This study investigates the relation between MWD data and the quality of the marble by means of classification modelling to assess the quality of marble, in terms of the TAPPI index. Thereby, the mine can more accurately define SMU boundaries and thus improve production efficiency. Initially a reliable database was constructed containing MWD operational parameters and TAPPI values. For model development, first, a basic stand-alone classification algorithm, logistic regression (LR) modelling, and then a more advanced ensemble machine learning method, random forest modelling (RF), were used. The prediction performances of the models were thoroughly examined using commonly used performance measures. As a next step, the model's output may be utilized to create a systematic blending strategy to prevent ore loss.

2 Field Studies

The database used in this study was gathered in a recently completed project entitled Increased Recovery in the Norwegian Mining Industry by implementing the geometallurgical concept (InRec). The project was coordinated by the Mineral Production Group at the Norwegian University of Science and Technology and funded by the Norwegian Research Council and three industry partners (Ellefmo and Aasly 2019).

The collected MWD data can be grouped into two subgroups depending on whether they are controlled by the operator or the medium that is drilled. Penetration rate (PR), flush air pressure (FAP), rotation pressure (RP) and dampening pressure (DP) were considered as dependent variables as they change with the conditions of rock characteristics.

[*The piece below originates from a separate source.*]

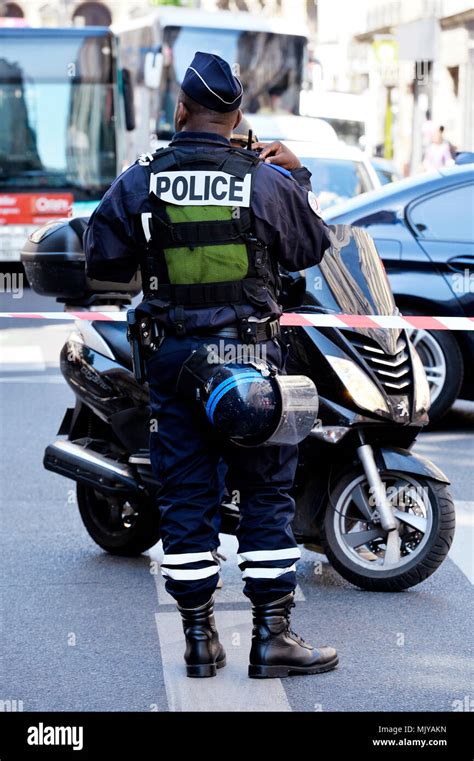 French Police Officer On Traffic Regulation Paris France Stock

However, percussion pressure (PP) and feed pressure (FP) were labelled as operator-controlled parameters. PR automatically increases if the rig’s rotation, feed and percussion pressures are increased without any change in rock type. From this, it can be concluded that penetration rate alone may not be a suitable indicator of rock properties and should be combined with other variables. Flush air pressure is defined as the pressure required to carry drill cuttings out of the borehole, so it is highly dependent on borehole depth. Percussion pressure is controlled by the operator and defined as the pressure released by the piston while hammering. The pressure needed to push the entire hammer downward is known as feed pressure. The feed and percussion pressures are adjusted by the rig's control system to regulate the lower and higher extreme values of rotation pressure and dampening pressure (Ghosh et al. 2017; Schunnesson 1998). Rotation pressure is the amount of pressure used to rotate the drilling bit. The rotation or rotation speed is fixed by the operator. Lastly, dampening pressure is the pressure that helps control percussion pressure and is adjusted by the rig (Atlas-Copco 2019).

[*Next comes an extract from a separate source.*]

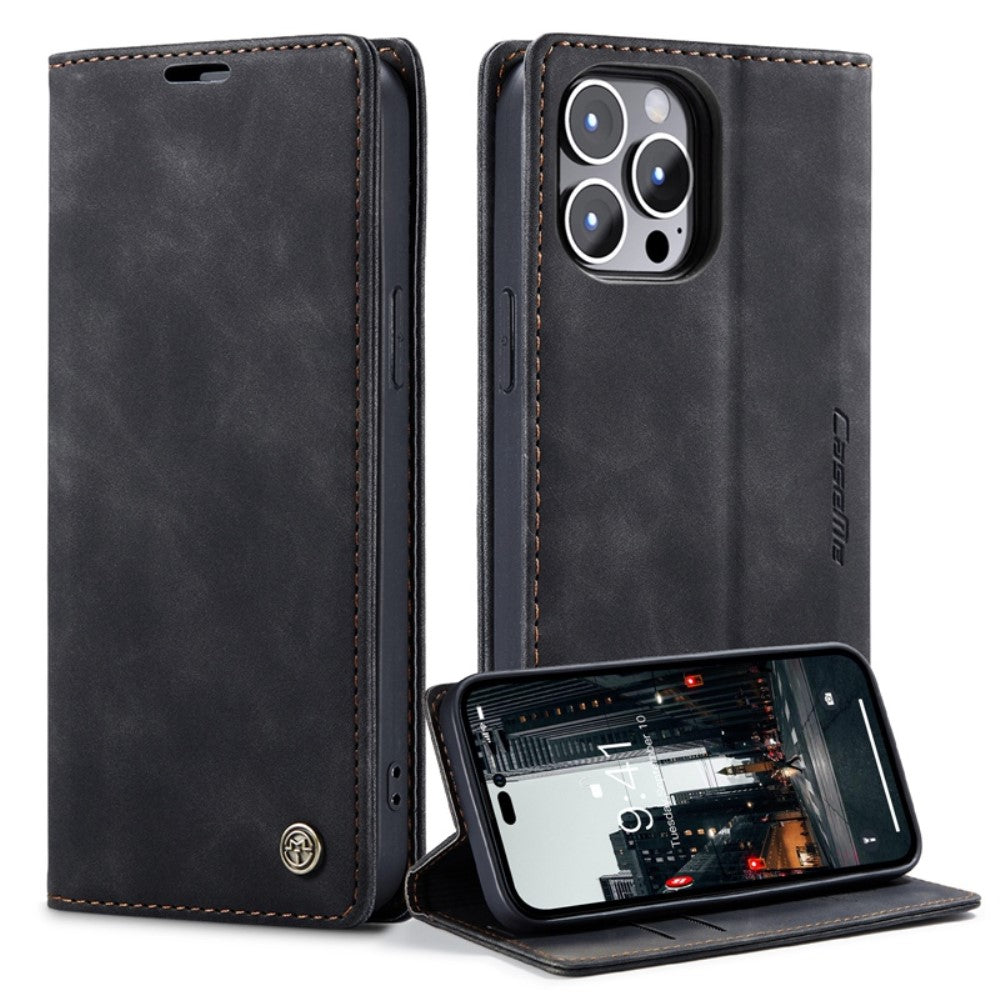Black iPhone 14 Pro phone cover with a stand — Black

MWD data collected during field work are comprised of log time (YYYY-MM-DDThh:mm:ss), depth (metres), penetration rate (metre/min), flush air pressure (bar) percussion pressure, (bar), feed pressure (bar), rotation pressure (bar) and dampening pressure (bar) collected from the MWD system of the Atlas Copco (now named Epiroc) T-45 SmartROC drilling rig for 10-cm intervals. In addition, every 3.5 m, a new rod is attached to the drilling string, leading to anomalies in the MWD data. The anomalies are obvious especially in percussion pressure and feed pressure because they are adjusted by the drilling rig system or by the operator to ensure a smooth drilling process (Ghosh et al. 2017). Since such anomalies can mislead the interpretation of the data, filtering algorithms are implemented. The data beyond two standard deviations from the mean of percussion and feed pressure are filtered out. Moreover, in order to eliminate rod change effect, the data coinciding with the depth at which rod was changed was also filtered out. Figure 1 represents the distribution of filtered MWD data, and summary statistics are shown in Table 1.

Fig. 1
figure 1

MWD data distribution

Table 1 Summary statistics of filtered MWD data

Pearson correlation coefficients between MWD parameters are shown in Fig. 2. Due to the strong correlation (0.84) between dampening pressure and feed pressure, feed pressure is not included as an independent variable during the modelling process.

Fig. 2
figure 2

Pearson correlation coefficients between recorded filtered MWD parameters

The quality or TAPPI data were obtained from laboratory tests conducted on the drill cuttings of five boreholes at different locations, containing pure and impure marble due to the intrusions of non-carbonate lithologies and fracture zones. Holes were selected based on geological variability in collaboration with the on-site mining geologist. Each hole was divided into several sections with different lengths ranging from 1.3 to 3.4 m. Drill cuttings were collected from 29 sections in total, and the quality of each section was determined. To be able to ensure exact georeferencing of the data, “To” and “From” depths were recorded at the beginning and the end of each section (Vezhapparambu 2019). After lab tests, the TAPPI values and corresponding quality class of the section were determined and assigned to the corresponding MWD data. It should be noted that range of TAPPI values and corresponding quality classes were defined considering the blending process necessary for achieving the desired product quality. For example, class 1 corresponds the highest quality, while class 6 refers to waste material with the lowest quality. Due to a data confidentiality agreement, TAPPI values cannot be presented. However, the normalized values used to assess the quality of marble are shown together with assigned classes in Table 2 and Fig. 3.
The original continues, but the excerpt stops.